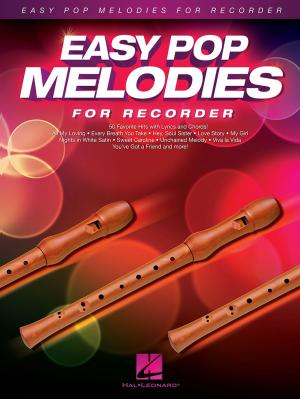 Cover of the book Easy Pop Melodies for Recorder by Ingrid Michaelson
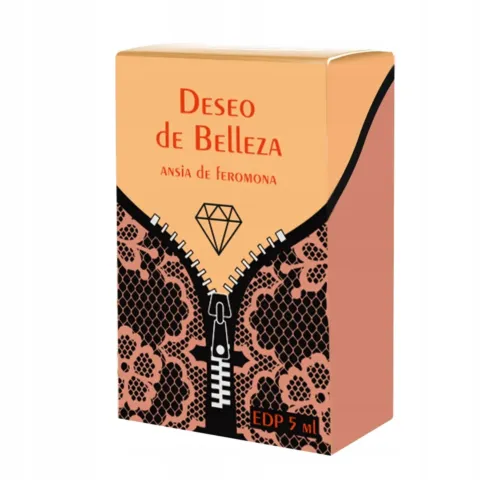 Perfumy damskie o pięknym, mocnym zapachu Deseo de Belleza 5 ml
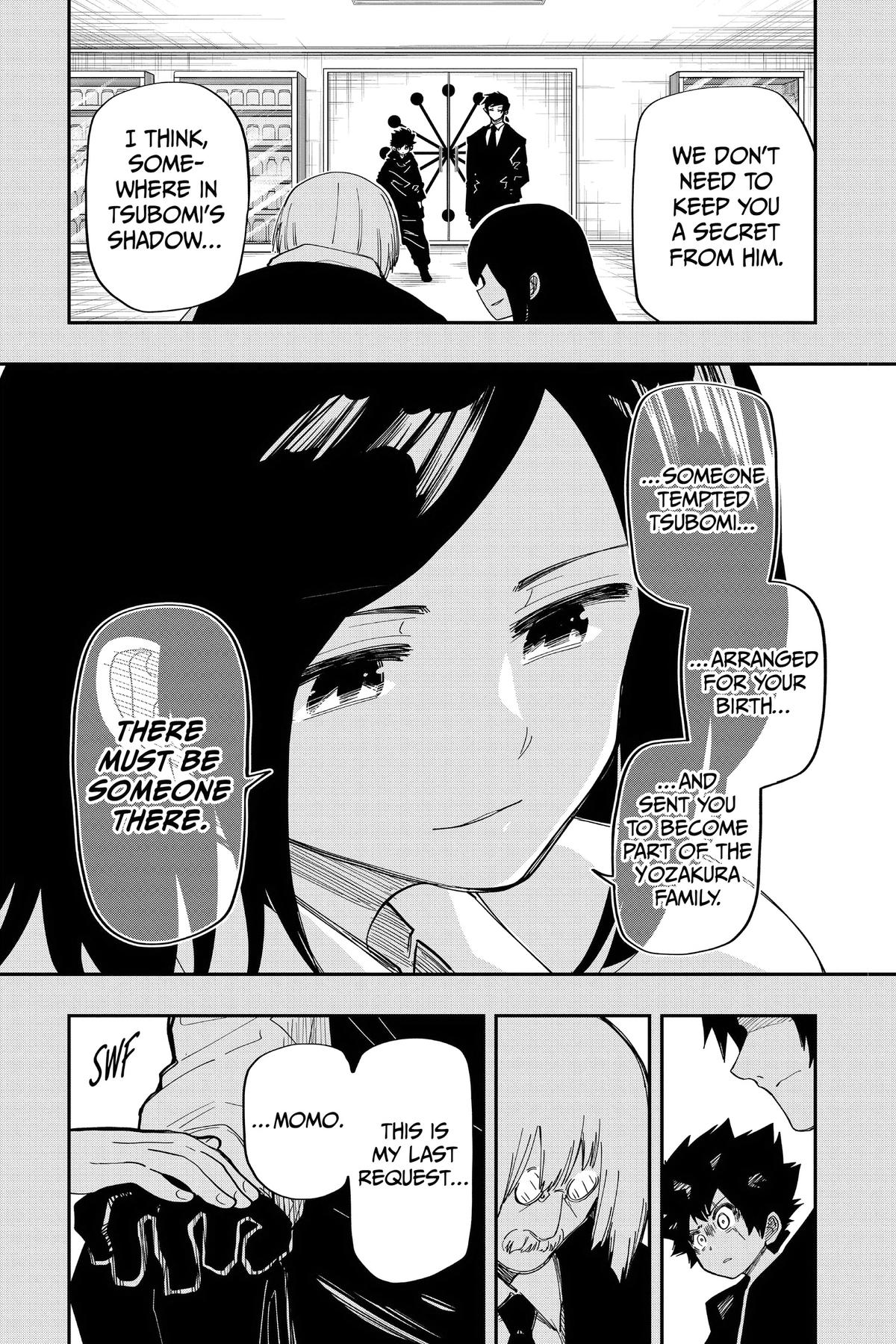 Mission: Yozakura Family Chapter 159 - Page 10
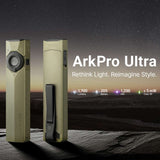Olight ArkPro Ultra | plokščias 4-in-1 EDC žibintuvėlis | 1.700 lm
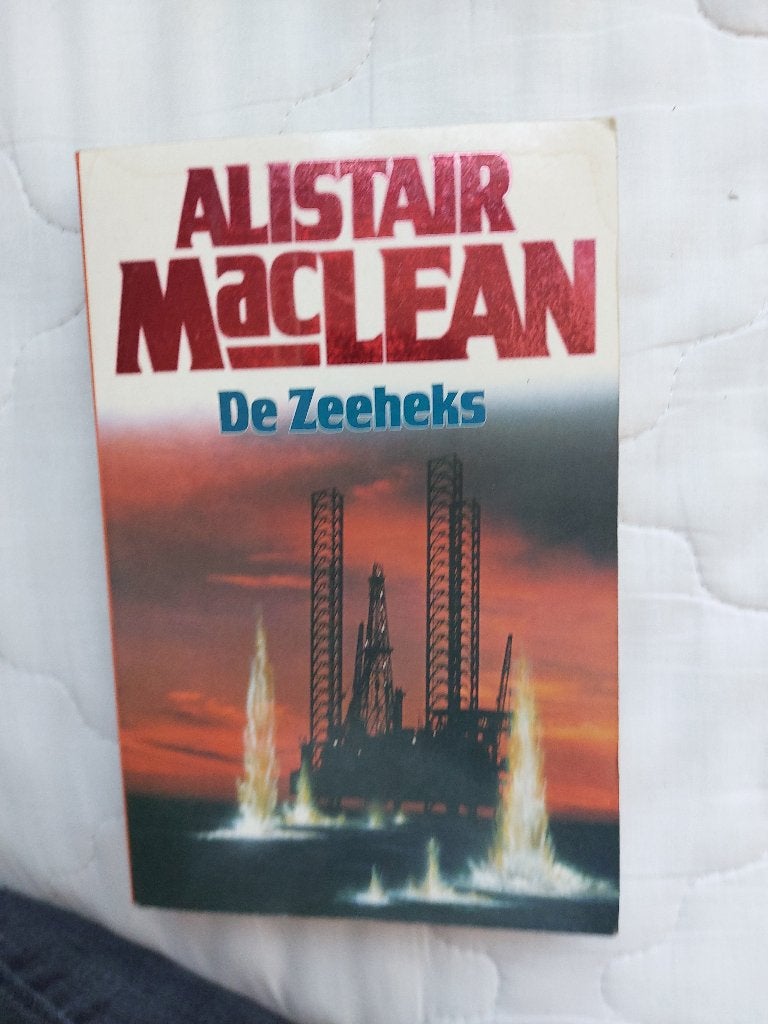 Alistair Maclean, De Zeeheks, Boeken, Ophalen of Verzenden
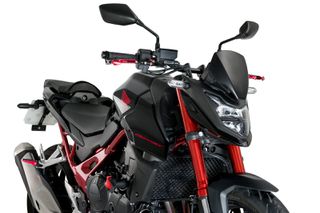 PUIG/ ΖΕΛΑΤΙΝΑ NEW GENERATION SPORT PLUS ΓΙΑ HONDA CB 750 HORNET (2023-2024) black matt (21571J)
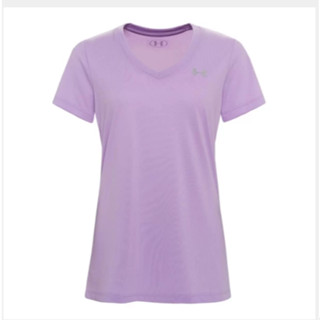*好樂市 臺灣現貨* Under Armour 女V領短袖運動上衣#1709828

○ ○ ○ ○ ○ ○ ○

◆ **To do**: Which lines run from the one holding "Olight ArkPro Ultra" through the end of the records? Reproduce them word for word, both ends included, with no pictures.

◆ **Task result**:
Olight ArkPro Ultra | plokščias 4-in-1 EDC žibintuvėlis | 1.700 lm
 Alistair Maclean, De Zeeheks, Boeken, Ophalen of Verzenden
 PUIG/ ΖΕΛΑΤΙΝΑ NEW GENERATION SPORT PLUS ΓΙΑ HONDA CB 750 HORNET (2023-2024) black matt (21571J)
*好樂市 臺灣現貨* Under Armour 女V領短袖運動上衣#1709828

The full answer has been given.